Thursday, February 15, 2007

Muriel Awards: Best Cinematic Moment

"A lot of lip service was given to his cool long, technically difficult shots, but very little lip was given to how well they were integrated into the narrative. During the scenes I was aware of the shot, but like the opening of Touch of Evil, that awareness never broke my suspension of disbelief." ~ Martin McClellan

16 comments:

Dennis Cozzalio said...

Martin, everyone: I thought those long takes were enthralling too, for the most part. But there's a moment near the beginning of one where the camera is sprayed by a rogue splatter of blood, and Cuaron, in the interest of battle verisimilitude, I'm supposing, leaves the droplets on the lens as Owen and the pregnant woman make their way through the rubble and gunfire.

Now, I'm all for verisimiltude, especially in a scene like this one, but this occurrence had precisely the opposite effect on me that the director presumably would want-- it threw me completely out of the scene. Suddenly, I became aware of Cuaron's long-take strategy in a way I wasn't before, and literally all I could think about was, "Jesus, this shot, the way it's progressing, could go on for five or six more minutes. Are they going to leave these distracting droplets on the screen for the rest of this shot?"

And as it turned out, the shot did last that long. But at one point, a minute or so after I became distracted, Owen enters the stairwell of a bombed-out building, looks up, and as the camera tilts up to see what he's seeing, in the midst of that tilt, the droplets disappear. So obviously Cuaron didn't want them there for the duration either-- it seems he felt they became distracting as well, just at a much later point in the shot than I did. Yet he wanted what the splash gave him when it happened.

I just don't think he counted on the kind of reaction I had.

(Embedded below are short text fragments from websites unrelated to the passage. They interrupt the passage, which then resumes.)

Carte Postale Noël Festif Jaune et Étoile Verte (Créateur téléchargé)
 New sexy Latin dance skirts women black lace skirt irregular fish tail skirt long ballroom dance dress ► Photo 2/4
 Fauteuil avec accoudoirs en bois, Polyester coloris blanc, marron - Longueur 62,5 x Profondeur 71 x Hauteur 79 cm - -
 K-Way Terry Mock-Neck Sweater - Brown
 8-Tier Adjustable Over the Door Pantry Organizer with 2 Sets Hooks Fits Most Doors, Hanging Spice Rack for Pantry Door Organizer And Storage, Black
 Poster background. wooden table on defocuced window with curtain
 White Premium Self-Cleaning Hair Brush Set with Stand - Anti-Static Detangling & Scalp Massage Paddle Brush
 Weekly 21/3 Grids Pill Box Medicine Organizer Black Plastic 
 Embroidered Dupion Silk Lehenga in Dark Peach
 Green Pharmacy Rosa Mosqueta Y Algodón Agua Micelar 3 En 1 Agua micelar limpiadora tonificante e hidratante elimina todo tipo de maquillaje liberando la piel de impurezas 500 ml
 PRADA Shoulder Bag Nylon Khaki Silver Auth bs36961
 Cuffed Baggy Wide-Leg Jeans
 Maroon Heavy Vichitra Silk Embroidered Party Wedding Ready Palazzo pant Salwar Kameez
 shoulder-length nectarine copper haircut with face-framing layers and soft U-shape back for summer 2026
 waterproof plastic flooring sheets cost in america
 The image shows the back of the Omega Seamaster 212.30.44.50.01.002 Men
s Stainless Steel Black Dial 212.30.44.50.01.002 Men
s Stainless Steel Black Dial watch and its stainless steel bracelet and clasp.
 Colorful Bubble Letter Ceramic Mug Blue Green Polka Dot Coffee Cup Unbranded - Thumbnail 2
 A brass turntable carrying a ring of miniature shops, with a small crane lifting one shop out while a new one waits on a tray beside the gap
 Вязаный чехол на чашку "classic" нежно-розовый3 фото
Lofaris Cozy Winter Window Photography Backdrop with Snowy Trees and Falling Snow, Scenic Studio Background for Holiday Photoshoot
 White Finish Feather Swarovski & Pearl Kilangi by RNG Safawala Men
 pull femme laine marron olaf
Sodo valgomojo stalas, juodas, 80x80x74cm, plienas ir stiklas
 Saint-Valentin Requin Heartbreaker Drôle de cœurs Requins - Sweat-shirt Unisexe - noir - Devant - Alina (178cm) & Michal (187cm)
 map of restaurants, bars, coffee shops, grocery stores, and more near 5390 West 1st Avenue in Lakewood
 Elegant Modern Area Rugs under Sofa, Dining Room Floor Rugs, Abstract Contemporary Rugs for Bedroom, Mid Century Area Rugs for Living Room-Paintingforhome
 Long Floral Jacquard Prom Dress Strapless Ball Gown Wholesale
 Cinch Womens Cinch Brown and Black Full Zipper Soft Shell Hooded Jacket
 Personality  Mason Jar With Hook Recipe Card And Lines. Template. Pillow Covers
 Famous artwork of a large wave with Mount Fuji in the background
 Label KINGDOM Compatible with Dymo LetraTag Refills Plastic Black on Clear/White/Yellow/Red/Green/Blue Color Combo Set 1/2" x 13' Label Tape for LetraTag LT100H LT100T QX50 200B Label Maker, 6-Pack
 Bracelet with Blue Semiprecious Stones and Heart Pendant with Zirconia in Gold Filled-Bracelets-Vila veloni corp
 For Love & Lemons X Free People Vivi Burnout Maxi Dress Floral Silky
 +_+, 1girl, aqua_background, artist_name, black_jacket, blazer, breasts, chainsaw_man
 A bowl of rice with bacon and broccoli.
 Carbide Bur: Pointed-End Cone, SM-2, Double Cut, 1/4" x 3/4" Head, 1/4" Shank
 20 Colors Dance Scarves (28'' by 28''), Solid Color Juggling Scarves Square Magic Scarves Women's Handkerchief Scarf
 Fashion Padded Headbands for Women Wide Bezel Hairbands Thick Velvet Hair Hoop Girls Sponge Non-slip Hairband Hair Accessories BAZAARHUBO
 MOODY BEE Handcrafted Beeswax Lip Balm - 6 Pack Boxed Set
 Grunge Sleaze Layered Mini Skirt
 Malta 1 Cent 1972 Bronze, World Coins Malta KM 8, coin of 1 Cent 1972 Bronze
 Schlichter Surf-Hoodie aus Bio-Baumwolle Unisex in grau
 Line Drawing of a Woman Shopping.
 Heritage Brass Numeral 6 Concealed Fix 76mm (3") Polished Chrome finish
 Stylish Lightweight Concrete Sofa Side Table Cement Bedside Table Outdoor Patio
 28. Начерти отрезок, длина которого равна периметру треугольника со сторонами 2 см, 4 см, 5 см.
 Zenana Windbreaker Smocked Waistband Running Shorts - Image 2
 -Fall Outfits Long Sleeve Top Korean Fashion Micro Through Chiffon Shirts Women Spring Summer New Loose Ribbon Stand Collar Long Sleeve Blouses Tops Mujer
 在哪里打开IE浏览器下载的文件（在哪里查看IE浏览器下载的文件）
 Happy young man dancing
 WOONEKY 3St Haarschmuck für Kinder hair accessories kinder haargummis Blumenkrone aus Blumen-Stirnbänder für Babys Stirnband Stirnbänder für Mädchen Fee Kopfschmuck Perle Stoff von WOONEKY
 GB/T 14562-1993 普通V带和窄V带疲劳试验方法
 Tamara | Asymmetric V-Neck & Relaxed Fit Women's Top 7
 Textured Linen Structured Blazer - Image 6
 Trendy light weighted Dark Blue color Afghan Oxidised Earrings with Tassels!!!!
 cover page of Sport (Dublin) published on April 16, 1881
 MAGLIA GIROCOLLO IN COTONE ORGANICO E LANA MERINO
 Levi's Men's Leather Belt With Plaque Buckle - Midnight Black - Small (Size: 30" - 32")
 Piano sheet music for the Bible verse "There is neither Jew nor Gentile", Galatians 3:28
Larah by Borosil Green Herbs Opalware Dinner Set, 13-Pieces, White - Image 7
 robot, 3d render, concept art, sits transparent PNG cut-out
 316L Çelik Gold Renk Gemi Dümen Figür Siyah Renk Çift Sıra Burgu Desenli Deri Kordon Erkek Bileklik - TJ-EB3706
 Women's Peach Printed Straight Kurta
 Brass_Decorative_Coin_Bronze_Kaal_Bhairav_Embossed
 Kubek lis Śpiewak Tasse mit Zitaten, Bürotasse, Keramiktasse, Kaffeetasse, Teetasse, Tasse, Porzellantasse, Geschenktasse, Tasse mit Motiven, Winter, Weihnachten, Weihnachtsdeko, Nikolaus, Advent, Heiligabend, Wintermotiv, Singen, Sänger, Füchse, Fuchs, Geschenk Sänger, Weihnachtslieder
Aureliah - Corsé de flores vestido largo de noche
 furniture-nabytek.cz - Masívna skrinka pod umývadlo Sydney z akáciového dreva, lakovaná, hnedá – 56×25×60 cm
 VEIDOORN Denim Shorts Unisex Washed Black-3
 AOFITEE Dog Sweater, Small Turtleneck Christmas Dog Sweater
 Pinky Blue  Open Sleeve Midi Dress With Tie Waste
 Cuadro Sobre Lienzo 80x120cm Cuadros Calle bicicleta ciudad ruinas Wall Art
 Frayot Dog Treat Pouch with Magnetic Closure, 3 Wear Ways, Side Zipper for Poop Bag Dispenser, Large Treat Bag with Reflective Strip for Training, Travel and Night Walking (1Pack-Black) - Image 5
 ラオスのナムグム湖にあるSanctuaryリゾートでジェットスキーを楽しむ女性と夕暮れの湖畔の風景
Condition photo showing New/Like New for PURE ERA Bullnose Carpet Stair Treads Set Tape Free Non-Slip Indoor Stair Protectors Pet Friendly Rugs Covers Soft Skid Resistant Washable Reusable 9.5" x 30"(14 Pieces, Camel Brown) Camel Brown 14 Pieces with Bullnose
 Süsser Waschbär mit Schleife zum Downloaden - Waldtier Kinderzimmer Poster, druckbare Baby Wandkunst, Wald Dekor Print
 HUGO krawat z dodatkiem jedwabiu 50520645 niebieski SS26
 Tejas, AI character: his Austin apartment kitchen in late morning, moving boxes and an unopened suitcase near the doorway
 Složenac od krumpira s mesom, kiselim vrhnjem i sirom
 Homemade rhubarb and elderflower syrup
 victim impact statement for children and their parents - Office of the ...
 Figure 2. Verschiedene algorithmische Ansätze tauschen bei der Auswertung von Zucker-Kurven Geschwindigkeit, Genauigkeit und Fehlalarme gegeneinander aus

And I wonder still why he didn't just digitally erase the damn things at the beginning and sacrifice a chance happening for the greater good of the shot.

Martin McClellan said...

Dennis: The interesting thing is that during the shooting, Cuaron agreed with you. There was a story in the NY Times (now behind a pay wall) about that very shot. It was, obviously, incredibly complicated and they only had three opportunities to pull it off.

The first two takes were messed up somehow, and they were starting the last take. Cuaron noticed the accidental blood splatter and yelled "Cut!" thinking they could quickly restart and try it again, but his request was drown out by explosions and nobody on the crew heard him.

It was only afterward that he decided that this blown shot was actually not a blown shot, and that the blood -- in his mind -- enhanced it.

Personally, I liked the blood when it happened -- I felt it was clever but not too precious -- but I can certainly understand how it might take you out of the moment. In either case, the story is interesting that it was a happy accident and not planned splatter.

Jason_Alley said...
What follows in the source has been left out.